Englischer Originaltext abgedruckt bei R. Steininger, Eine Chance zur Wiedervereinigung?, Bonn 1985, S. 136. Faksimilewiedergabe in: Ders., Deutsche Geschichte 1945-1961, Bd. 2, Frankfurt a. M. 1983, S. 417 f.
Gesamtdokument ins Deutsche übertragen von R. Neebe:
Der französische Gesandte versicherte mir die französische Zustimmung zu unseren Vorschlägen ... Er trug mir die wichtigsten Passagen aus einem langen Telegramm vor, das er gerade aus Paris erhalten hatte. Vielleicht der wichtigste Punkt, der vom Quai d'Orsay [Sitz des französischen Außenministeriums in Paris] angeführt wurde, war, daß wir sehr vorsichtig sein müßten, damit wir nicht in eine Position gerieten, in der freie Wahlen stattfinden, eine neutralisierte deutsche Regierung (vielleicht eine Schumacher-Regierung) in Berlin etabliert und danach weitere Fortschritte in Richtung auf einen Friedensvertrag gemacht würden, wie in Österreich. Dies würde bedeuten, daß wir alle Vorteile der EVG, der Westlichen Integration etc. verloren hätten. Dagegen käme ein geeinigtes Deutschland zunehmend unter sowjetischen Druck und Einfluß.
Während wir uns in unserer Antwort unter dem Blickwinkel der öffentlichen Meinung in Deutschland selbstverständlich auf freie Wahlen und die Einheit konzentrieren müßten, sollten wir ganz klar in unserer eigenen Absicht sein, ein geeintes Deutschland nicht zu akzeptieren, selbst bei wirklichen freien Wahlen, bevor wir nicht wüßten, daß auch ein für uns zufriedenstellender Friedensvertrag in kurzem abgeschlossen werden könnte ...
In dem Telegramm des Quai d'Orsay wurden dann die folgenden Punkte aus der Sowjet-Note kommentiert:
(1) Saar. Die sowjetischen Vorschläge bedeuteten, daß Polen die Oder- Neiße-Grenze haben, Frankreich aber die Saar verlieren würde.
(2) Neutralisierungsklausel.
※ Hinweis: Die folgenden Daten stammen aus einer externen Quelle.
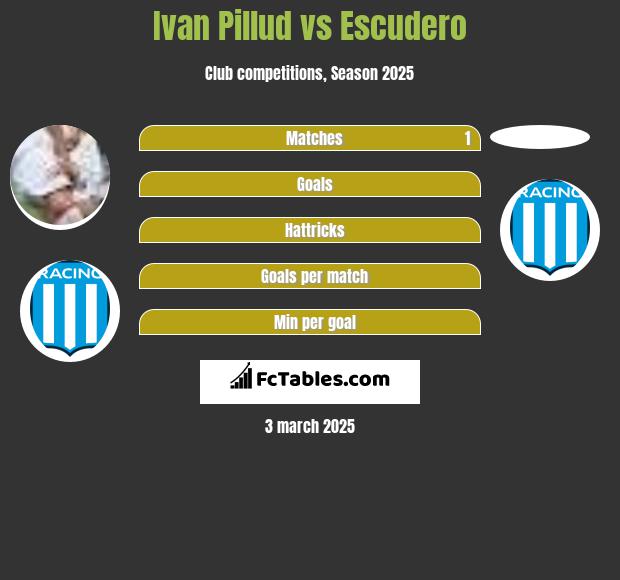 Ivan Pillud vs Escudero h2h player stats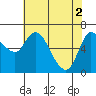 Tide chart for Altoona, Columbia River, Washington on 2024/05/2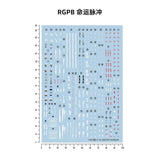 20250722 Artisan's Club RG 1/144 SEED Destiny Impulse [RGPB-067] Water Slide Decal
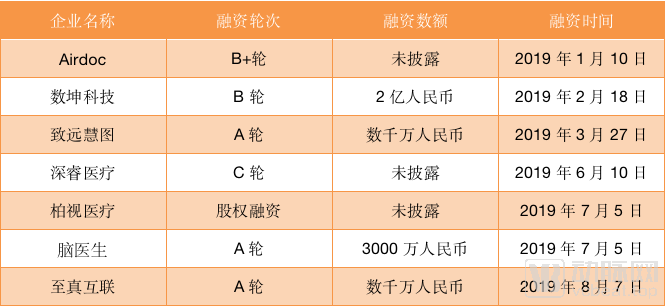 屏幕快照 2019-08-23 下午2.59.04.png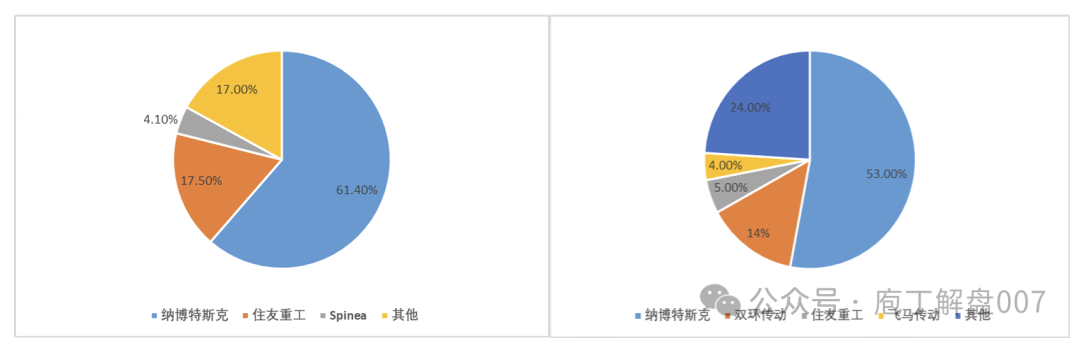 Robot Series II: Comprehensive Overview of the Precision Reducer Industry Chain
Dies würde natürlich die vollständige Preisgabe der EVG und unserer gesamten gegenwärtigen Europa-Politik bedeuten.
(3) Militärische Klauseln. Als neues Element ist eingebracht worden, daß nicht nur die Truppen abgezogen, sondern auch die Stützpunkte aufgelöst werden müssen. Der wirklich entscheidende Punkt sowohl hinsichtlich der militärischen Klauseln als auch der Neutralisierungsbestimmung sei, daß hier überhaupt keine Regelung für irgendeine Kontrolle enthalten sei.
(4) Wirtschaftliche Klauseln. Diese seien möglicherweise sogar noch gefährlicher, da Deutschland völlig frei im Handel mit dem Osten wäre, während andere westeuropäische Länder bedeutende Einschränkungen ihrer Handelsbeziehungen mit der Kommunistischen Welt akzeptiert hätten. Deutschland könnte sehr rasch zu einer gefährlicheren wirtschaftlichen Größe als je zuvor heranwachsen, indem es in einem immensen Umfange Handel mit seinem natürlichen "Hinterland" in Osteuropa und auch in Rußland und China betreibe. Darüber hinaus könnte Deutschland in keiner Weise gehindert werden, eine ausgedehnte Rüstungsindustrie zur Versorgung der Truppen der Sowjetunion und ihrer Satelliten aufzubauen, selbst wenn die Rüstungsproduktion zur Ausrüstung seiner eigenen Armee auf einem relativ niedrigen Niveau gehalten werden könnte.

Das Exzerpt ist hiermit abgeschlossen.